EXHIBIT 5

  [LETTERHEAD OF CHRISTENSEN, WHITE, MILLER, FINK, JACOBS, GLASER & SHAPIRO]

                                January 9, 1996

MGM Grand, Inc.
3799 Las Vegas Boulevard South
Las Vegas, Nevada 89109

                    RE: REGISTRATION STATEMENT ON FORM S-8
                        ----------------------------------

Gentlemen:

     You have requested our opinion, as counsel for MGM Grand, Inc., a Delaware 
corporation (the "Company"), in connection with the registration under the 
Securities Act of 1933, as amended, of 2,500,000 shares (the "Shares") of the 
Company's common stock, $.01 par value per share ("Common Stock"), issuable 
pursuant to the Company's Nonqualified Stock Option Plan and the Company's 
Incentive Stock Option Plan (collectively, the "Option Plans"). The Shares are 
the subject of the Company's Registration Statement on Form S-8 to be filed with
the Securities and Exchange Commission on or about January 12, 1996 (the 
"Registration Statement").

      In rendering our opinion herein, we have assumed the satisfaction of the 
following conditions:  the issuance of the Shares to be issued under the Option 
Plans and all stock option agreements entered into in connection therewith in 
accordance with the terms thereof; the issuance by any applicable regulatory 
agencies of all appropriate permits, consents, approvals, authorizations and 
orders relating to the issuance and sale of the Shares in their respective 
jurisdictions; the Registration Statement becoming effective; the offering and 
sale of the Shares in the manner set forth in the Option Plans and pursuant to 
said permits, consents, approvals, authorizations and orders; the reservation by
the Company of a sufficient number of shares of Common Stock for issuance upon 
exercise of outstanding options under the Option Plans; and the receipt by the 
Company of full consideration for the Common Stock issued under the Option Plans
in accordance with the respective terms of the Option Plans and all stock option
agreements entered into in connection therewith. In addition, our opinion herein
is subject to applicable

 
MGM Grand, Inc.
January 9, 1996
Page 2



bankruptcy, reorganization, insolvency, fraudulent, conveyance, moratorium or 
other laws affecting creditors' rights generally from time to time in effect, 
and Delaware law and regulations, and no opinion is being rendered as to the 
availability of specific performance, injunctive remedies or other forms of 
equitable relief.

      Based upon the foregoing, it is our opinion that the Shares, when issued, 
will be legally issued, fully paid and nonassessable.

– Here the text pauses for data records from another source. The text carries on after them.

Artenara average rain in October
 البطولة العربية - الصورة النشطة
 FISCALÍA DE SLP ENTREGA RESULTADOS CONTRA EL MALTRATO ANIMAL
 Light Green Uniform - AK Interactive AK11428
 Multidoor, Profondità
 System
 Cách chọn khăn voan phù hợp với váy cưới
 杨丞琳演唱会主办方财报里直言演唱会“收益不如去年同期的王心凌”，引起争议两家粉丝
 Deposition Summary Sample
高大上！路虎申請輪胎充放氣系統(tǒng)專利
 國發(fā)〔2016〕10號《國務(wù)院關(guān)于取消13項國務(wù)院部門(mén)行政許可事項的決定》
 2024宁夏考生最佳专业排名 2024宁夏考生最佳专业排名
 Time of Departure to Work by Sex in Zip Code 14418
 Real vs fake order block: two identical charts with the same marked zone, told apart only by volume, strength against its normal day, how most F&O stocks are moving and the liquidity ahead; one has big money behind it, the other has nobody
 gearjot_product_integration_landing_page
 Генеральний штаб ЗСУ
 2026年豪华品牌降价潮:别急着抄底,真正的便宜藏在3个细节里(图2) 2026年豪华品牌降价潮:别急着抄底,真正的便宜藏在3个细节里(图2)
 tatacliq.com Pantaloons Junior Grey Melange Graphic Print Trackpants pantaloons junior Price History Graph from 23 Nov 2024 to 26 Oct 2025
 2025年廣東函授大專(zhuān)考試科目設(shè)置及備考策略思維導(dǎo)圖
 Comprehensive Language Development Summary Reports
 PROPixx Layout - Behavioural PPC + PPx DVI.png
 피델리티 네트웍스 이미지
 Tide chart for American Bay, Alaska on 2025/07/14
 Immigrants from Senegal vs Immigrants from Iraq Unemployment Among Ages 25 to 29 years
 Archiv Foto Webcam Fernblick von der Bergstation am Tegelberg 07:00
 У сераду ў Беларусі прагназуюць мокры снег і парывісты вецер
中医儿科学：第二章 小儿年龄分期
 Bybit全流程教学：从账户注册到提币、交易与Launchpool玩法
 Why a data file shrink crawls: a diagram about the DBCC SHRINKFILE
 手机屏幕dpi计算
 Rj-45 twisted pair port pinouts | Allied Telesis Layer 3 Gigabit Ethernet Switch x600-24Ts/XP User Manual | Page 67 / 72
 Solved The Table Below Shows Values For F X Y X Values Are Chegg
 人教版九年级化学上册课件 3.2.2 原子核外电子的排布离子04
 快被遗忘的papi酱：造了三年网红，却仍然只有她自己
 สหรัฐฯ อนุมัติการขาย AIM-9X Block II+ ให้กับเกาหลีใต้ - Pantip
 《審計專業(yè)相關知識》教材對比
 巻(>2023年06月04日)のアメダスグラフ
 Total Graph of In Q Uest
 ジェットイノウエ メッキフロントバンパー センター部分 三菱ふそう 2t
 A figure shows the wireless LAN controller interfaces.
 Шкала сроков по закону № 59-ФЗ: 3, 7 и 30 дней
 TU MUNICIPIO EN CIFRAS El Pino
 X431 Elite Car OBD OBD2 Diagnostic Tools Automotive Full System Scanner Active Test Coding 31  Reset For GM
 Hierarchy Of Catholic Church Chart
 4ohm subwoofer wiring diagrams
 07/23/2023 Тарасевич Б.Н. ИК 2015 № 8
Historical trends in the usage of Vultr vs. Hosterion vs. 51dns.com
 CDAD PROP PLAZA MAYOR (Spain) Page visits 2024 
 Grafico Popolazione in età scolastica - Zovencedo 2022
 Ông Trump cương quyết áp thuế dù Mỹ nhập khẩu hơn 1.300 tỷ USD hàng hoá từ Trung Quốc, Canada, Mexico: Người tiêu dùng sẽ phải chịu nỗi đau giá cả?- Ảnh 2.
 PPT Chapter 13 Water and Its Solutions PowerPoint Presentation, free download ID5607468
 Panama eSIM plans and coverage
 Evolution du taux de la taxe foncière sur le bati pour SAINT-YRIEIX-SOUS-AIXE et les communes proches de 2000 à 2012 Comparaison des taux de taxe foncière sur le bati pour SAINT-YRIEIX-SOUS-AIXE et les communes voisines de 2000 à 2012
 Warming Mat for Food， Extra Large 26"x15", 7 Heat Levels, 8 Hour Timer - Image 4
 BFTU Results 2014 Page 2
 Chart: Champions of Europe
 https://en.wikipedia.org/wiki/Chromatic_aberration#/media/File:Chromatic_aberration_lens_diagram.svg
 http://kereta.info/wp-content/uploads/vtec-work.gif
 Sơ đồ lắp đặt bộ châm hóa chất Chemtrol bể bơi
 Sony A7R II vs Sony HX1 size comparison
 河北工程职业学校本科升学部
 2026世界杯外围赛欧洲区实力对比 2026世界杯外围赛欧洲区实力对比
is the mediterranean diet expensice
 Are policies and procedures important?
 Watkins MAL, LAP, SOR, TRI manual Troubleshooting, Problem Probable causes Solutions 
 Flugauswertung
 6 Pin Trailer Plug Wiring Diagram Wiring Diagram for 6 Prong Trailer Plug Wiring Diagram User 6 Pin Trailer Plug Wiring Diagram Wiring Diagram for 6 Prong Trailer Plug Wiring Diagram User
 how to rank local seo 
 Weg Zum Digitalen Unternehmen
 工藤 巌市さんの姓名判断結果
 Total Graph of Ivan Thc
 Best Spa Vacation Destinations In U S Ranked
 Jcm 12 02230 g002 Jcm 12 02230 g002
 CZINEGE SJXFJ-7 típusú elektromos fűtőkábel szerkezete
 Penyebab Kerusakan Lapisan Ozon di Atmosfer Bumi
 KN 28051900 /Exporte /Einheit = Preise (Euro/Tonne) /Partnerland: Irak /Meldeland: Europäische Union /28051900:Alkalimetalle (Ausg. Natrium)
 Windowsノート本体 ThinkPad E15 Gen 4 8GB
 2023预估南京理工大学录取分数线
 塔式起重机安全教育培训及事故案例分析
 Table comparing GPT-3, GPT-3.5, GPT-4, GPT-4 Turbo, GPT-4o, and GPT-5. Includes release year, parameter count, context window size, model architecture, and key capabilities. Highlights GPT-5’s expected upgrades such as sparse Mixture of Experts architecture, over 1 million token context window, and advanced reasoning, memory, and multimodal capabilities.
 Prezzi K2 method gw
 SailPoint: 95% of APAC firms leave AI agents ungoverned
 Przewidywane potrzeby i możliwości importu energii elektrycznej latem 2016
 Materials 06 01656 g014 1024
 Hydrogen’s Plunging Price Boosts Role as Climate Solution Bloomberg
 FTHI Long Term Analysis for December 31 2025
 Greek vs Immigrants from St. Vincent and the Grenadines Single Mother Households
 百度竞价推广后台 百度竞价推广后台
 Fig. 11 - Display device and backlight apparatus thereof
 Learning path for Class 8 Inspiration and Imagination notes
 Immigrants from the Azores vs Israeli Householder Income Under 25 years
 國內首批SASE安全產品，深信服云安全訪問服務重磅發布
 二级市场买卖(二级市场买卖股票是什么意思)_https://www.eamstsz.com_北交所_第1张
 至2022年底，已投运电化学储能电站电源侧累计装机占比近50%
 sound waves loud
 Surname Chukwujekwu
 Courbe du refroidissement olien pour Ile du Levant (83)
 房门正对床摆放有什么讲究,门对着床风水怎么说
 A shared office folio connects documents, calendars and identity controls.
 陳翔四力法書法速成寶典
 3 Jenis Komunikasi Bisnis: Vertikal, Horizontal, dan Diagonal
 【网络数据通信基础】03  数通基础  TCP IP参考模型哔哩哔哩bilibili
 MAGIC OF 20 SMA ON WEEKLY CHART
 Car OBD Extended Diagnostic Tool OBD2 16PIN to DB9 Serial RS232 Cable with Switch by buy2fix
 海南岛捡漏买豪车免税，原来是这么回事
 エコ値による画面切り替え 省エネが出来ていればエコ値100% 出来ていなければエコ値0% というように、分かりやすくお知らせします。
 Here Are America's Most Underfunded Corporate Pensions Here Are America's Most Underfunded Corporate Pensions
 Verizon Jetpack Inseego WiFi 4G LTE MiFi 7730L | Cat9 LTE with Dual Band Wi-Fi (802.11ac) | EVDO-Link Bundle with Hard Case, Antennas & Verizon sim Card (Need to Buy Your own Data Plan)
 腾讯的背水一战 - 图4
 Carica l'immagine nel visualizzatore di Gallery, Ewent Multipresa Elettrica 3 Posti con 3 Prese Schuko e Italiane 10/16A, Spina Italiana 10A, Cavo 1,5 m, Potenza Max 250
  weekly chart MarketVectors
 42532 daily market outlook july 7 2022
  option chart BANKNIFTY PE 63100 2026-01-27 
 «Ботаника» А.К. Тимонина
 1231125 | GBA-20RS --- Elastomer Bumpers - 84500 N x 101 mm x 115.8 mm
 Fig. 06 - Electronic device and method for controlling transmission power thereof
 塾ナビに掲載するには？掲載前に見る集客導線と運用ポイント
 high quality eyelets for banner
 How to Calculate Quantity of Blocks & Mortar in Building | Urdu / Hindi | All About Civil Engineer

      This opinion is addressed solely to the Company and no one else has the 
right to rely upon it, nor may anyone release it, quote from it or employ it in 
any transaction other than the Registration Statement without our prior written 
consent.

      We hereby consent to the filing of this opinion as an exhibit to the 
Registration Statement and to the references to our firm contained therein.